Soft vs. hard credit checks: What’s the difference?
You are probably aware that when you apply for a loan or credit card, the potential creditor checks or ‘pulls’ your credit report and score. But did you know there are other situations, like a prospective employer reviewing your credit report, that also register as a credit check? Here’s what you need to know about the two types of credit checks, and the different ways they affect your credit score.
What is a hard credit check?
A hard credit check is when a lender pulls your credit report because you’ve applied for new credit, such as a credit card, a car loan, a home loan or an increase to an existing line of credit. Hard credit checks can affect your credit score (the most common is your FICO® Score) because seeking new credit can make you seem like more of a risk to lenders, who may worry about your ability to pay back the debt.
Hard credit inquiries don’t hurt much
Here’s the good news: For many people, the damage from hard checks is minor, usually less than five points off your credit score. One or two credit checks will not significantly harm your credit.
Don’t let concern about credit checks keep you from shopping around for the best deal on auto loans, student loans or mortgages. Hard credit checks that occur for specific items like these, and that happen within a certain time frame—FICO calls them shopping periods—are usually treated as a single inquiry. While each lender may use a different formula to calculate a shopping period, it’s typically 14–45 days.
When to be cautious
New lines of credit represent only 10 percent of your credit score, according to myFICO.com, but that doesn’t mean you should rack up hard inquiries without giving it a second thought.
- Although credit checks are factored into your credit score for only 12 months, they remain on your credit report for two years.
- Credit checks can have a greater impact for someone with a short credit history and few accounts, compared with someone who has a long history and wide range of credit experience.
- To a lender reviewing your credit report, many hard credit checks in a short time may indicate higher credit risk because it could appear that you are trying to get a lot of credit quickly. (The exception is if you rate shop for a car, student or home loan during a short period.)
- Drops in your credit score can result in higher interest rates when you borrow, which means you pay more over the life of a loan.
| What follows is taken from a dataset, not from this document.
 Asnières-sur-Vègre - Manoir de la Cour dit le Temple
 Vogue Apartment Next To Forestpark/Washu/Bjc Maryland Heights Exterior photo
What is a soft credit check?
A soft credit check is when your credit report is pulled but you haven’t applied for credit. For example: Insurance companies or potential landlords may look at your credit report to assess risk; potential employers may do background checks. Credit card companies can also pull a soft copy of your credit to service and manage any existing relationships you may have with them. Soft checks do not affect your credit score or show up on your credit report.
Protect your credit
To keep your credit score healthy, avoid hard checks when you can. Try to say no to those store credit cards offered to you at checkout if they don’t make sense in your larger financial picture. If you rate shop for a car, student or home loan, it’s best to keep it within a 14- to 45-day window so multiple credit checks are recorded as one. Also keep an eye on your credit report. If you see a hard check you did not initiate, take action to protect yourself from identity theft.